**Records drawn from a dataset**
------

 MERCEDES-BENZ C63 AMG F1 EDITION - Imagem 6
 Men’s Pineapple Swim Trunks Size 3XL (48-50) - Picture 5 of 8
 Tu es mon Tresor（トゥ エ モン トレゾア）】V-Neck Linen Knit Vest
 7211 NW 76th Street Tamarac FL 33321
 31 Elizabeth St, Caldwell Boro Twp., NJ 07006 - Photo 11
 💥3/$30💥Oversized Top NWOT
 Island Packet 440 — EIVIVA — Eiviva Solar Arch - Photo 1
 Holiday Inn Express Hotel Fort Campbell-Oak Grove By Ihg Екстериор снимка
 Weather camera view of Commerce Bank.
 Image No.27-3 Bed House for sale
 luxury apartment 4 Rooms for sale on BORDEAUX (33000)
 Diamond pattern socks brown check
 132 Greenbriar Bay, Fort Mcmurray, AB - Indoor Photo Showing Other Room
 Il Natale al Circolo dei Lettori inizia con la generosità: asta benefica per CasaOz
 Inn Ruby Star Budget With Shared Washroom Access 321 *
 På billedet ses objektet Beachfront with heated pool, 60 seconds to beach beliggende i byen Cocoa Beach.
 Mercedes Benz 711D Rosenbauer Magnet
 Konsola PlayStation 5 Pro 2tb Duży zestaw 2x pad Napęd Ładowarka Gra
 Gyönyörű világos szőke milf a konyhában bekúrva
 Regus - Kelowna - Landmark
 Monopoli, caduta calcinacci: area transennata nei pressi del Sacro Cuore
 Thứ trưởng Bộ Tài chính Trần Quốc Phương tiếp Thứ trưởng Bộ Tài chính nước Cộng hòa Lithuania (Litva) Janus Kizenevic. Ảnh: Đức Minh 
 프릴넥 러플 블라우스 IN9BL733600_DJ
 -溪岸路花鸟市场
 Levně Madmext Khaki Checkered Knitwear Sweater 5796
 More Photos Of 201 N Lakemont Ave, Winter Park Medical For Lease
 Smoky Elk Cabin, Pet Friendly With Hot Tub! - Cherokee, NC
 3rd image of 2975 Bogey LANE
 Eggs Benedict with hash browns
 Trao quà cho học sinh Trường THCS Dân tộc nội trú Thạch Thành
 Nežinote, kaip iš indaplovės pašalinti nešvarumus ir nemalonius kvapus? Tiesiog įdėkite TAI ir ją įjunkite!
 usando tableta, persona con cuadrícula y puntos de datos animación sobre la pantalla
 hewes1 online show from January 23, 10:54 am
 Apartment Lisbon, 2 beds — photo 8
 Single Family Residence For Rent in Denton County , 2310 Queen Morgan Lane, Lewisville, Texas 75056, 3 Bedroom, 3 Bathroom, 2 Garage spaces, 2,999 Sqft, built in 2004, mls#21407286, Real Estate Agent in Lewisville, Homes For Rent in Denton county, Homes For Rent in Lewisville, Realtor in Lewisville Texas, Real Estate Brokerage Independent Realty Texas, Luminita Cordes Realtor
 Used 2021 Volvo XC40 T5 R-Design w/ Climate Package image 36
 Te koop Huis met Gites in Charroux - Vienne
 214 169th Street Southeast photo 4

------

**Task**
Output every line above without altering anything.

**Response for this exercise**
 MERCEDES-BENZ C63 AMG F1 EDITION - Imagem 6
 Men’s Pineapple Swim Trunks Size 3XL (48-50) - Picture 5 of 8
 Tu es mon Tresor（トゥ エ モン トレゾア）】V-Neck Linen Knit Vest
 7211 NW 76th Street Tamarac FL 33321
 31 Elizabeth St, Caldwell Boro Twp., NJ 07006 - Photo 11
 💥3/$30💥Oversized Top NWOT
 Island Packet 440 — EIVIVA — Eiviva Solar Arch - Photo 1
 Holiday Inn Express Hotel Fort Campbell-Oak Grove By Ihg Екстериор снимка
 Weather camera view of Commerce Bank.
 Image No.27-3 Bed House for sale
 luxury apartment 4 Rooms for sale on BORDEAUX (33000)
 Diamond pattern socks brown check
 132 Greenbriar Bay, Fort Mcmurray, AB - Indoor Photo Showing Other Room
 Il Natale al Circolo dei Lettori inizia con la generosità: asta benefica per CasaOz
 Inn Ruby Star Budget With Shared Washroom Access 321 *
 På billedet ses objektet Beachfront with heated pool, 60 seconds to beach beliggende i byen Cocoa Beach.
 Mercedes Benz 711D Rosenbauer Magnet
 Konsola PlayStation 5 Pro 2tb Duży zestaw 2x pad Napęd Ładowarka Gra
 Gyönyörű világos szőke milf a konyhában bekúrva
 Regus - Kelowna - Landmark
 Monopoli, caduta calcinacci: area transennata nei pressi del Sacro Cuore
 Thứ trưởng Bộ Tài chính Trần Quốc Phương tiếp Thứ trưởng Bộ Tài chính nước Cộng hòa Lithuania (Litva) Janus Kizenevic. Ảnh: Đức Minh 
 프릴넥 러플 블라우스 IN9BL733600_DJ
 -溪岸路花鸟市场
 Levně Madmext Khaki Checkered Knitwear Sweater 5796
 More Photos Of 201 N Lakemont Ave, Winter Park Medical For Lease
 Smoky Elk Cabin, Pet Friendly With Hot Tub! - Cherokee, NC
 3rd image of 2975 Bogey LANE
 Eggs Benedict with hash browns
 Trao quà cho học sinh Trường THCS Dân tộc nội trú Thạch Thành
 Nežinote, kaip iš indaplovės pašalinti nešvarumus ir nemalonius kvapus? Tiesiog įdėkite TAI ir ją įjunkite!
 usando tableta, persona con cuadrícula y puntos de datos animación sobre la pantalla
 hewes1 online show from January 23, 10:54 am
 Apartment Lisbon, 2 beds — photo 8
 Single Family Residence For Rent in Denton County , 2310 Queen Morgan Lane, Lewisville, Texas 75056, 3 Bedroom, 3 Bathroom, 2 Garage spaces, 2,999 Sqft, built in 2004, mls#21407286, Real Estate Agent in Lewisville, Homes For Rent in Denton county, Homes For Rent in Lewisville, Realtor in Lewisville Texas, Real Estate Brokerage Independent Realty Texas, Luminita Cordes Realtor
 Used 2021 Volvo XC40 T5 R-Design w/ Climate Package image 36
 Te koop Huis met Gites in Charroux - Vienne
 214 169th Street Southeast photo 4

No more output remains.